Séminaire CRIVA, mardi 5 octobre 20h30, en "zoom" autour de Claire Gillie.

 

Il y a  un "cantus obscurior" de l'accent déja repérédans De Oratore de Cicéron, mélodie embryonnaire dont joue l'orateur. L'accent donne relief  la prosodie prend corps et écriture à l'aube de la musique, pour ensuite venir se greffer sur l'interprétation au sens musical du terme. Äme du mot - anima vocis - pour un certain Capella du Vème siècle, il est un germe de la musique (seminarium musices), et se greffe à elle ad cantus (accent).

Signe graphique au service de la distinction, modulation de l'intensité ou intonation d'un son au service de l'expression, inflexions particulières qui intérressent la prononciation et la phonétique, triste ou devin chez les poètes, l'accent s'insinue d'un champ conceptuel à l'autre, venant signer ou raturer les signifiants, séduire ou agresser l'écoute. Lorsqu'il se fait verbe, "accentuer" vien hystériser la langue et le language : il prend alors le sens de accroître, accuser, appuyer, aviver, dessiner, exagérer, faire, forçer, insister, intensifier, marteler, ponctuer, prononcer, renforcer, rytmer, scnader, souligner. Des symptômes qui s'accentuent, ce sont des symptômes qui s'aggravent.
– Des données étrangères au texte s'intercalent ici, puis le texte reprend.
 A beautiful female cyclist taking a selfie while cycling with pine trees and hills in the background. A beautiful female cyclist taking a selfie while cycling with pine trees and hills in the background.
Du label identitaire, à la voix qui se fait "la belle", l'accent est revendiqué ou refusé par le sujet du social comme par le sujet de l'inconscient.L'accent nous rappelle qu'il y a un corps derrière ce qu'on dit, une voix, une histoire qui module la langue. L'accent est le style qui permet à chacun de prononcer sa vie.

Cette dimension de l'accent trouve asile dans les inflexions de la voix, les attaques consonatiques,les fins de thèse qui se mettent à chanter ou rendre le signifiant rugueux. Si certes il peut se définir pour les linguistes et les sociologues comme une "manifestation individuelle d'une communauté linguistique", il en appelle au réel ou à l'imaginaire de ce qui fait lien à l'autre. Car l'accent est "l'autre dans la langue", le "marque de l'étranger dans la langue". L'accent est donc aussi "l'autre de ma langue", mais également un trait unaire - ein einziger Zug - qui inscrit le sujet dans une filiation et une identification.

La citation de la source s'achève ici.